--- What to do ---
Exact copies of the lines below, from the one with "Detail of girls'" up to and including the one with "Cheerful couple in restaurant", are what this calls for; leave out pictures.

[Data]

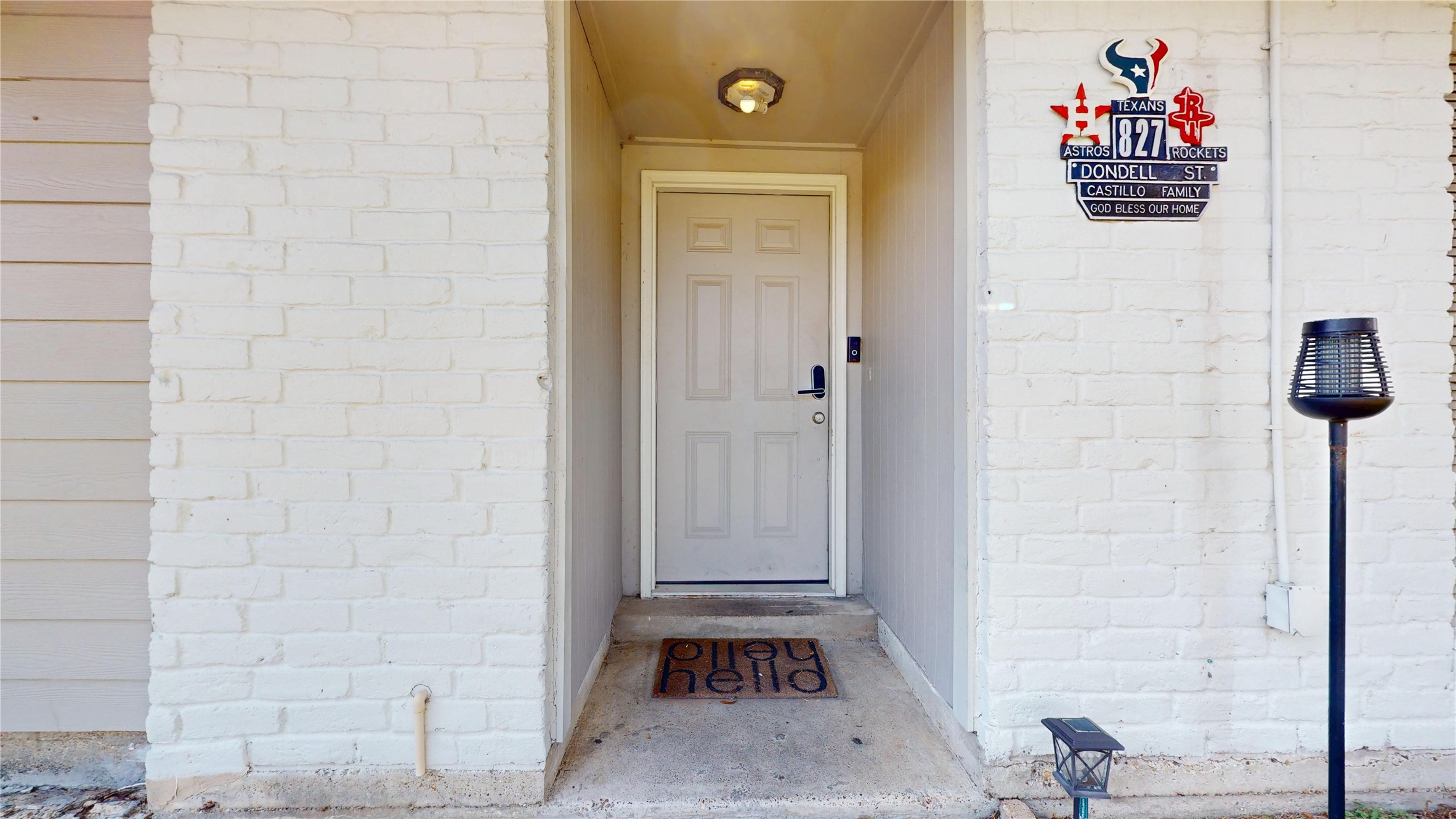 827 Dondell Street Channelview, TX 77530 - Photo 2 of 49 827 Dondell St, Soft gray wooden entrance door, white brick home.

[/Data]
[Data]

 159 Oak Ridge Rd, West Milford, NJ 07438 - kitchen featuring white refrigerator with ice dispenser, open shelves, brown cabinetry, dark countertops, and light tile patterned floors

[/Data]
[Data]

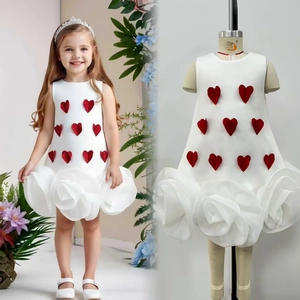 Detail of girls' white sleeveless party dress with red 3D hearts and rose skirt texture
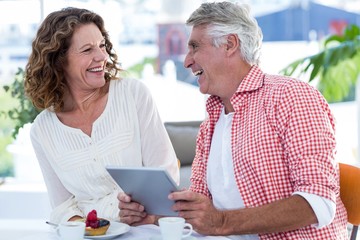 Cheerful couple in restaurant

[/Data]

--- Response area ---
 Detail of girls' white sleeveless party dress with red 3D hearts and rose skirt texture
 Cheerful couple in restaurant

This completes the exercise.